I mean, look at Peter Pan! What could be sweeter? Perhaps the same person would do it?'

Edward Young opened his mouth as though to speak, thought better of it, and subsided.

'We will certainly bear that in mind, Miss Dean,' nodded the rector, watching Dimity resume her place beside Harold.

'Then we must choose our sculptor,' went on Mr. Henstock, 'one who can work in the medium of our choice, and give us a memorial which suits its surroundings and which we all are proud of.'

His plump face began to pucker with worry.

'It occurs to me that we must, of course, get planning permission from several authorities if we want to put up the statue. Really, there is a great deal to consider.'

Edward Young then spoke up.

'Perhaps you would allow me to make enquiries about prices and possible sculptors on behalf of us all here? I should be delighted to be of some service, and I think I could advise you too about the best way of approaching the necessary authorities.'

A hum of agreement ran round the room. The rector looked mightily relieved.

'It is most kind of you. Would someone propose that Mr Young should undertake this particular set of enquiries?'

'I will: said Miss Watson briskly.

'And I'll second it,' added Doctor Bailey.

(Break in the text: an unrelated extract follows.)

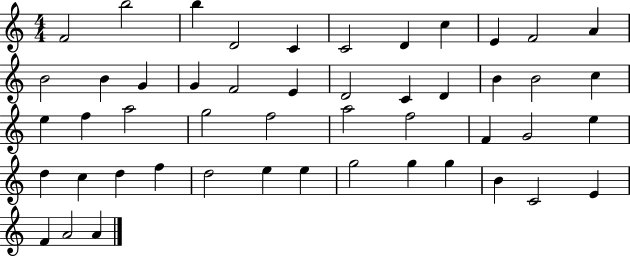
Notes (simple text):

F4/h B5/h B5/q D4/h C4/q C4/h D4/q C5/q E4/q F4/h A4/q B4/h B4/q G4/q G4/q F4/h E4/q D4/h C4/q D4/q B4/q B4/h C5/q E5/q F5/q A5/h G5/h F5/h A5/h F5/h F4/q G4/h E5/q D5/q C5/q D5/q F5/q D5/h E5/q E5/q G5/h G5/q G5/q B4/q C4/h E4/q F4/q A4/h A4/q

'That really is a great comfort,' said Mr Henstock gratefully. 'I am sure we are all much indebted to you for offering your professional help so freely.'

He turned over
The Quarterly Letter to Incumbents
and scrutinised it closely.

'Just one more thing,' he continued, looking at the assembled company over his glasses. 'A good friend of Thrush Green, who wishes to remain anonymous, has said that he would like to defray half the expense of this project. I think you might like to register your approval of this most generous offer.'

Loud clapping and a few foot-drummings demonstrated the fervour with which this announcement was met. As it died down, Edward Young spoke again.

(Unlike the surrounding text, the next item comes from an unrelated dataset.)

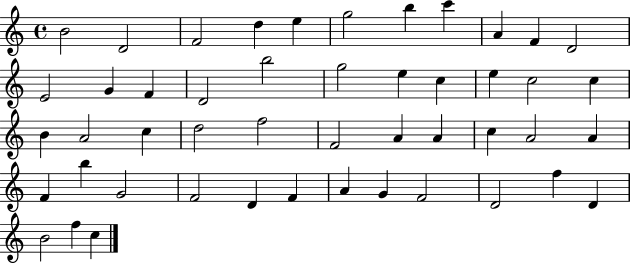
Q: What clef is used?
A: treble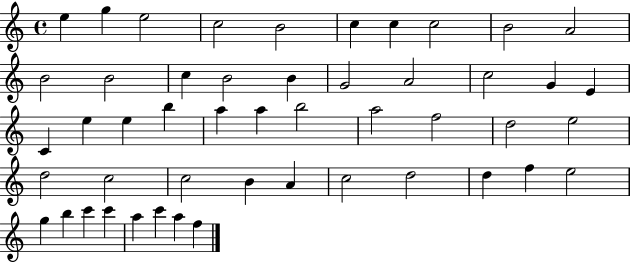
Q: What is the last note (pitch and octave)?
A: F5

'That is wonderful news, sir. I just wondered if it might not be a good idea to form a very small committee, representing all assembled here tonight, to go further into this statue business. For one thing, we shall want it unveiled presumably on Nathaniel's birthday, some time in March, I believe.'

'That's right,' said Harold. 'The fifteenth!'

'Then in that case, we must work quickly,' went on Edward. 'It might be rather nice if one of Nathaniel's descendants could unveil his memorial.'

'His daughter's dead,' said a very old man, who was leaning against Miss Fogerty's weather chart and smearing the black umbrellas and yellow suns most carelessly. 'Died soon after she were married. I knows that 'cos my sister and she used to send each other Christmas cards for years. There were a boy though, I do recollect.'

'That's most interesting," said Mr Henstock. 'We'll follow
that up. Now, what about Mr Young's very sound suggestion? Shall we appoint someone–or two perhaps–to help him?"